*WHAT IS EXPECTED*
Every entry below should be copied exactly, minus the pictures.
*** DATASET CONTENT ***
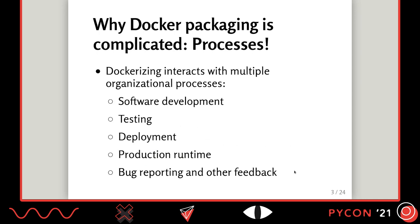The other reason that Docker packaging is complicated is because it's an intersection of multiple processes within your organization. When you're writing software, someone has to write the actual code, you're going to test your software, it gets deployed, it runs in production. You may have to upgrade your software with limited downtime. When things go wrong, you have bug reporting and feedback. Packaging interacts with all of these different processes — it's not an isolated thing.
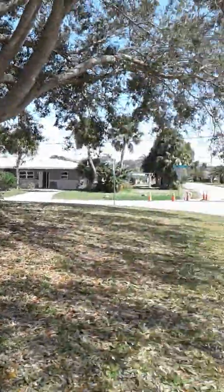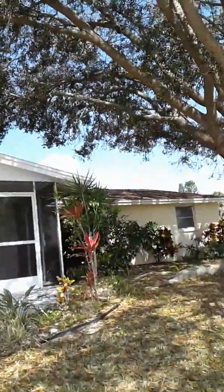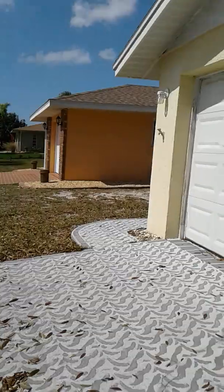I'm at 1501 Lakeside Drive in Venice, Florida. It's a corner lot with a beautiful shade tree in the front, beautiful driveway, nice walkway, screened-in front lanai. Walk in the front door.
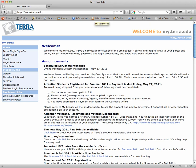Welcome to Terra's new single sign-on system with Password Manager. When you come to my.terra.edu, you'll see a new link in the upper left-hand side for Terra single sign-on. Click here to access the system.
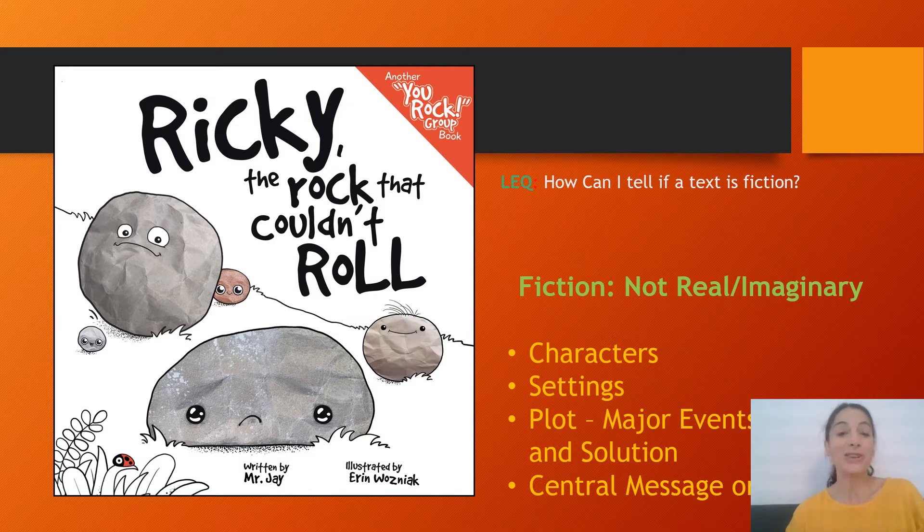This week, we will read another story. And if you look to the left of your screen, you'll see the book that we'll be reading. It's called Ricky the Rock That Couldn't Roll. This book is also fiction — it's not realistic fiction, but it's fiction. That means it's made up. It's not real. It came out of the author's imagination.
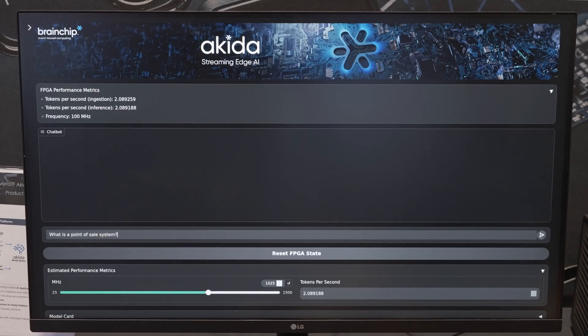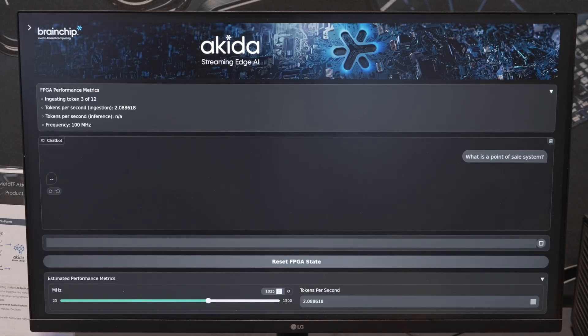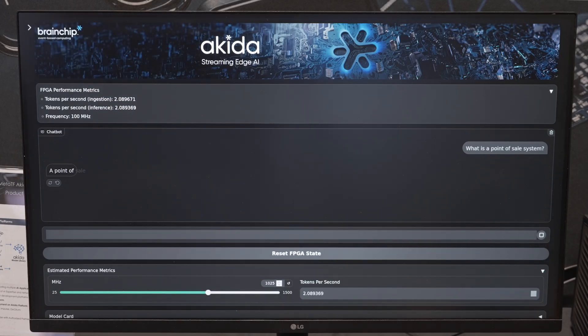Right now the tokens for that question are being ingested into the hidden state of the model, and after the first 12 tokens are ingested it will start doing an auto-regressive inference. Again, this is demonstrating that our hardware platform for our gen AI platform is ready for edge devices.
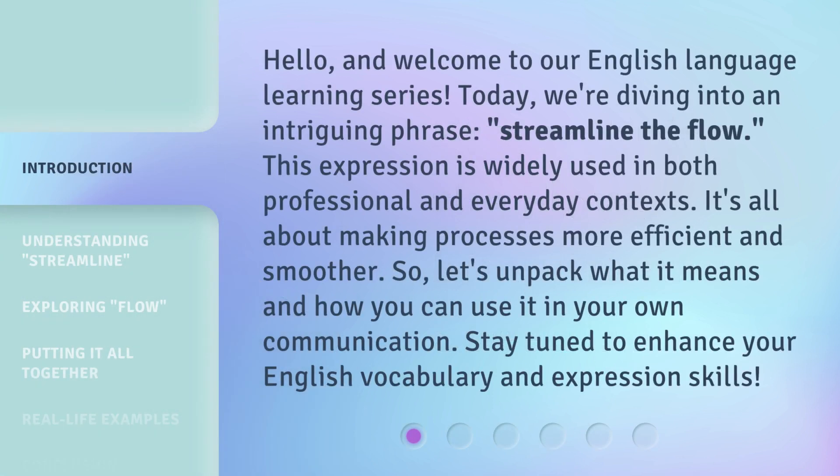Hello, and welcome to our English language learning series. Today, we're diving into an intriguing phrase: streamline the flow. This expression is widely used in both professional and everyday contexts.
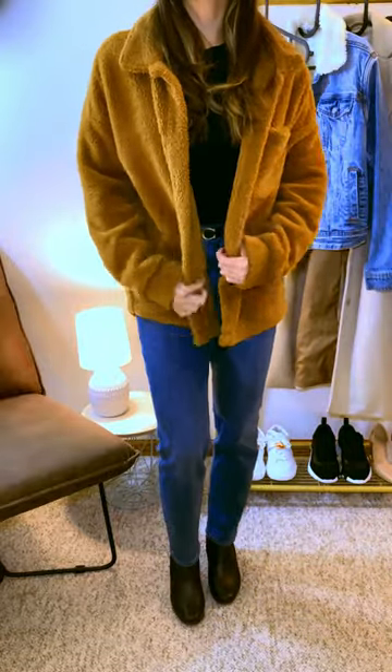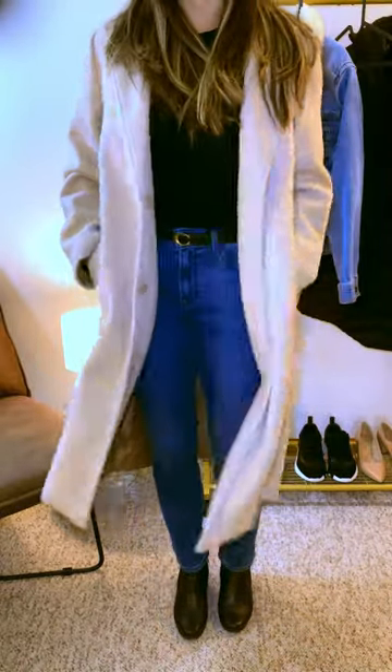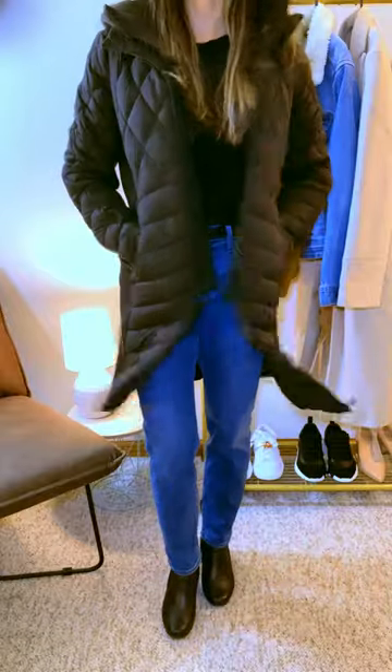A $20 teddy-styled jacket from Walmart, a $30 fleece-lined denim jacket from Target, a $50 camel overcoat also from Target, and an $80 black packable puffer coat from Nordstrom Rack. Plus, all of these jackets are machine washable, so that's more money back into my purse fund.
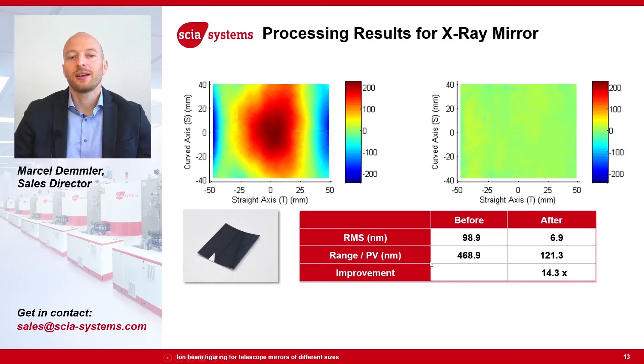How accurate can we be with ion beam figuring? Here we have an example of an X-ray mirror processed on the Skia Trim 200. The interferometric measurement before ion beam figuring shows a total thickness variation peak value of 468.9 nanometer. After ion beam figuring, this is reduced to 121 nanometer. The RMS improved even more, from 98.9 nanometer to 6.9 nanometer — a factor of 14 improvement with just one ion beam figuring step.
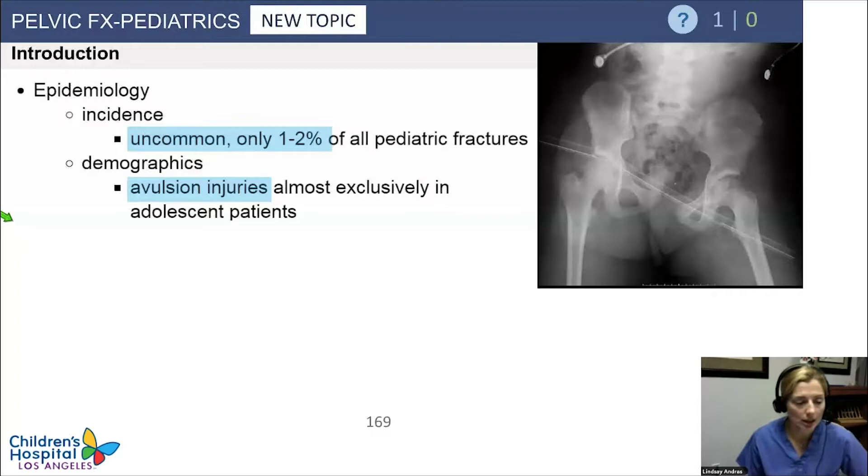Shifting gears a little bit for our pelvic fractures. These are really rare, so we're going to just hit the high points. These are only going to be about 1% to 2% of all your pediatric fractures.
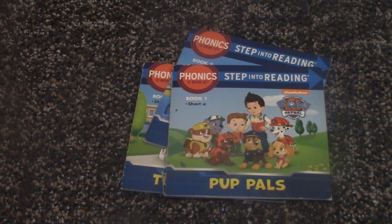Hello, welcome back to my reading video. My name is Charlotte and today we'll be reading the Step Into Reading books by Paw Patrol. It's a phonetic book. It's a 12-book set. And we're going to be reading book one first.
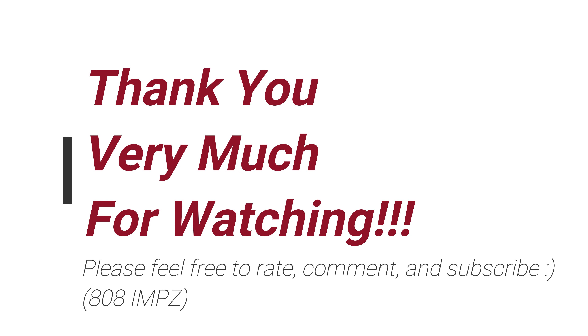Kotobukiya usually does this kind of thing. I think they're also going to work on some Tusken Raiders later, which should be interesting. Anyway, thanks for watching — feel free to rate, comment, and subscribe, and I'll see you again soon.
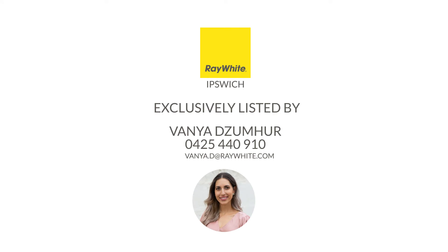So there we have it. This is an absolutely beautiful home in a terrific location. So if it looks like the one for you, then what are you waiting for? Book in an inspection and I'll see you soon. Bye.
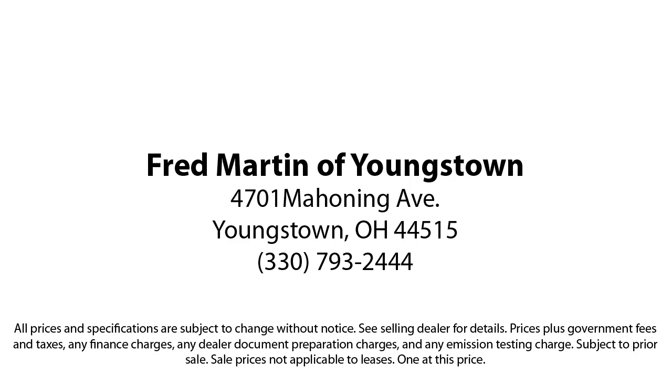With our 4.4 Google and 4.5 Facebook ratings, come see why customers always return to the family experience we provide. Fred Martin of Youngstown — we sell for less, a lot less. Fred Martin of Youngstown is located at 4701 Mahoning Avenue in Youngstown.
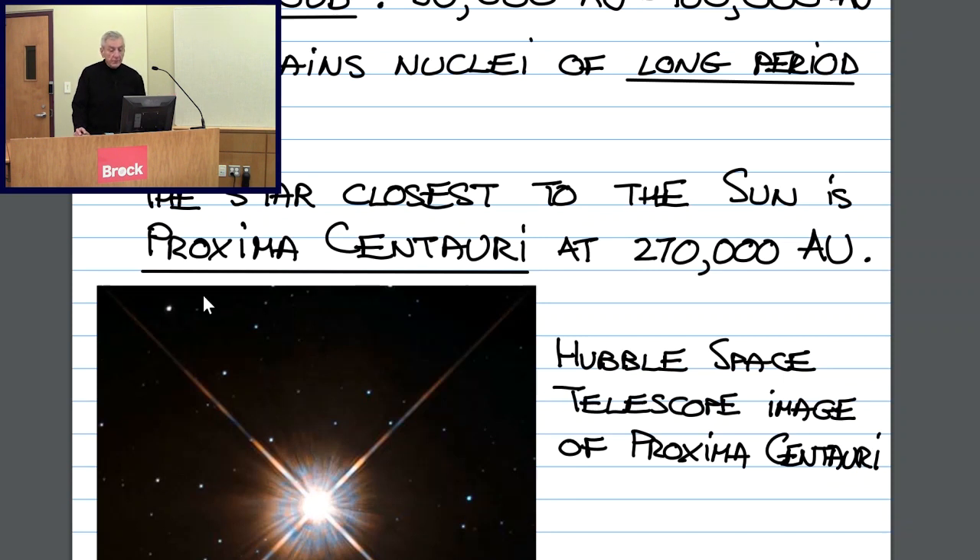That signals that the time has come to change the yardstick again, to use something different to express the distances between the stars. This image here is the image of Proxima Centauri obtained by the Hubble Space Telescope.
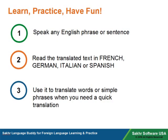By simply speaking any English phrase or sentence, you can read your translated text in French, German, Italian, or Spanish. The Language Buddy can also be used to translate words and simple quick phrases for when you need them. Let's take a look at the Language Buddy in action.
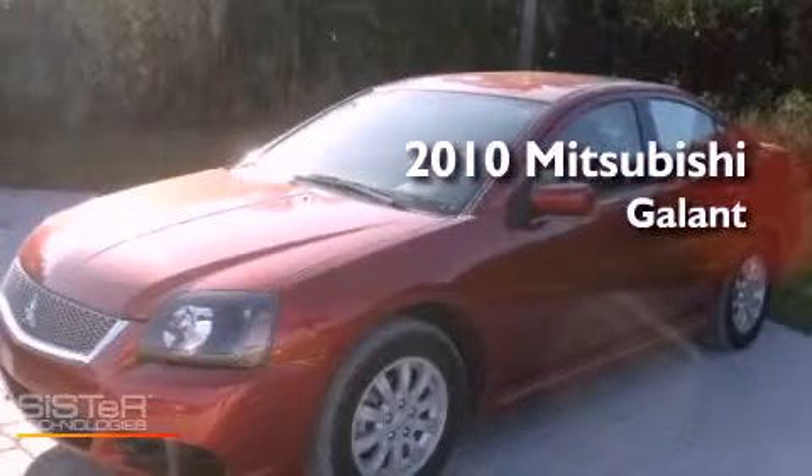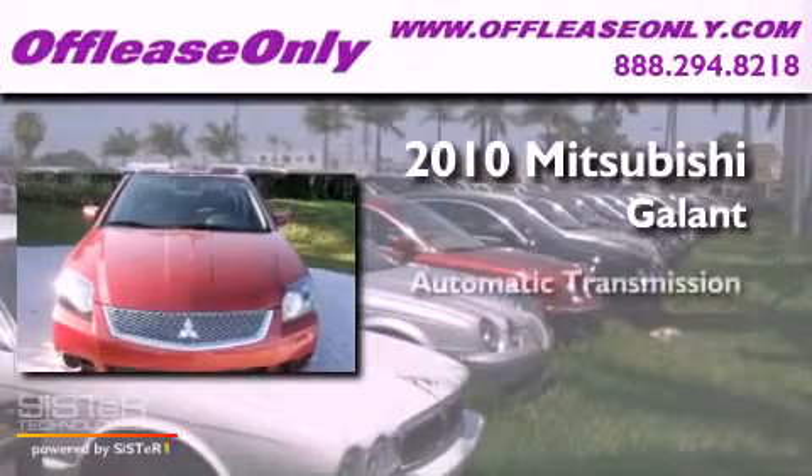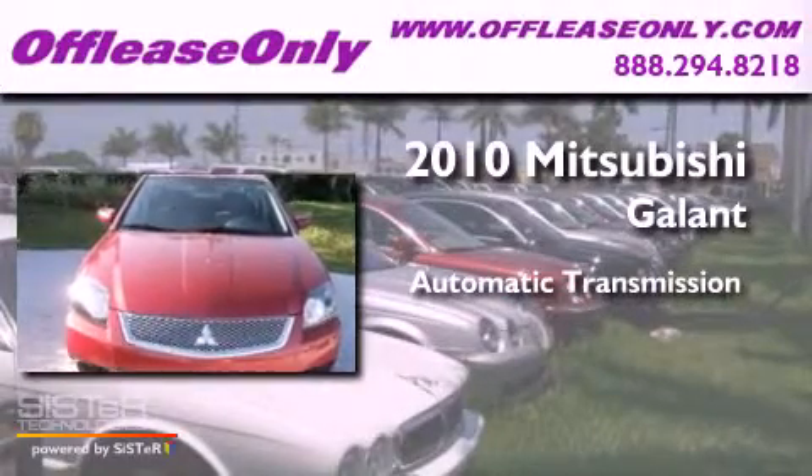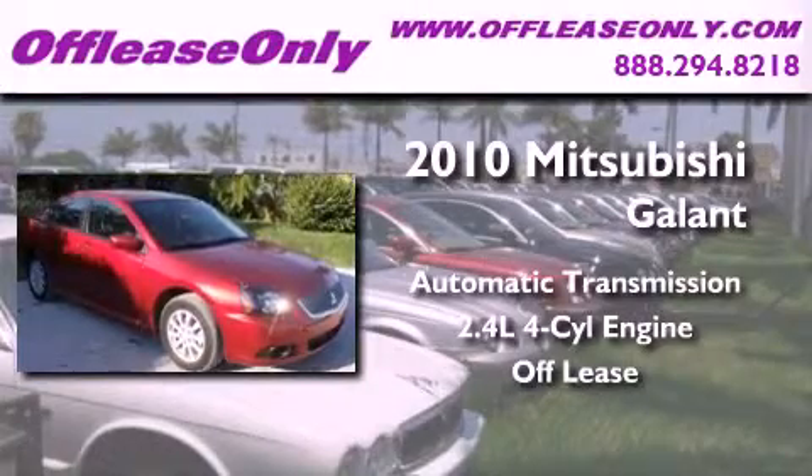This is a 2010 Mitsubishi Galant. This car has an automatic transmission and an inline four-cylinder engine. Plus, having just come off lease, this Mitsubishi is in like-new condition.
***
*EXERCISE SOLUTION*
The other reason that Docker packaging is complicated is because it's an intersection of multiple processes within your organization. When you're writing software, someone has to write the actual code, you're going to test your software, it gets deployed, it runs in production. You may have to upgrade your software with limited downtime. When things go wrong, you have bug reporting and feedback. Packaging interacts with all of these different processes — it's not an isolated thing.
I'm at 1501 Lakeside Drive in Venice, Florida. It's a corner lot with a beautiful shade tree in the front, beautiful driveway, nice walkway, screened-in front lanai. Walk in the front door.
Welcome to Terra's new single sign-on system with Password Manager. When you come to my.terra.edu, you'll see a new link in the upper left-hand side for Terra single sign-on. Click here to access the system.
This week, we will read another story. And if you look to the left of your screen, you'll see the book that we'll be reading. It's called Ricky the Rock That Couldn't Roll. This book is also fiction — it's not realistic fiction, but it's fiction. That means it's made up. It's not real. It came out of the author's imagination.
Right now the tokens for that question are being ingested into the hidden state of the model, and after the first 12 tokens are ingested it will start doing an auto-regressive inference. Again, this is demonstrating that our hardware platform for our gen AI platform is ready for edge devices.
Hello, and welcome to our English language learning series. Today, we're diving into an intriguing phrase: streamline the flow. This expression is widely used in both professional and everyday contexts.
A $20 teddy-styled jacket from Walmart, a $30 fleece-lined denim jacket from Target, a $50 camel overcoat also from Target, and an $80 black packable puffer coat from Nordstrom Rack. Plus, all of these jackets are machine washable, so that's more money back into my purse fund.
How accurate can we be with ion beam figuring? Here we have an example of an X-ray mirror processed on the Skia Trim 200. The interferometric measurement before ion beam figuring shows a total thickness variation peak value of 468.9 nanometer. After ion beam figuring, this is reduced to 121 nanometer. The RMS improved even more, from 98.9 nanometer to 6.9 nanometer — a factor of 14 improvement with just one ion beam figuring step.
Shifting gears a little bit for our pelvic fractures. These are really rare, so we're going to just hit the high points. These are only going to be about 1% to 2% of all your pediatric fractures.
Hello, welcome back to my reading video. My name is Charlotte and today we'll be reading the Step Into Reading books by Paw Patrol. It's a phonetic book. It's a 12-book set. And we're going to be reading book one first.
Kotobukiya usually does this kind of thing. I think they're also going to work on some Tusken Raiders later, which should be interesting. Anyway, thanks for watching — feel free to rate, comment, and subscribe, and I'll see you again soon.
So there we have it. This is an absolutely beautiful home in a terrific location. So if it looks like the one for you, then what are you waiting for? Book in an inspection and I'll see you soon. Bye.
With our 4.4 Google and 4.5 Facebook ratings, come see why customers always return to the family experience we provide. Fred Martin of Youngstown — we sell for less, a lot less. Fred Martin of Youngstown is located at 4701 Mahoning Avenue in Youngstown.
That signals that the time has come to change the yardstick again, to use something different to express the distances between the stars. This image here is the image of Proxima Centauri obtained by the Hubble Space Telescope.
By simply speaking any English phrase or sentence, you can read your translated text in French, German, Italian, or Spanish. The Language Buddy can also be used to translate words and simple quick phrases for when you need them. Let's take a look at the Language Buddy in action.
This is a 2010 Mitsubishi Galant. This car has an automatic transmission and an inline four-cylinder engine. Plus, having just come off lease, this Mitsubishi is in like-new condition.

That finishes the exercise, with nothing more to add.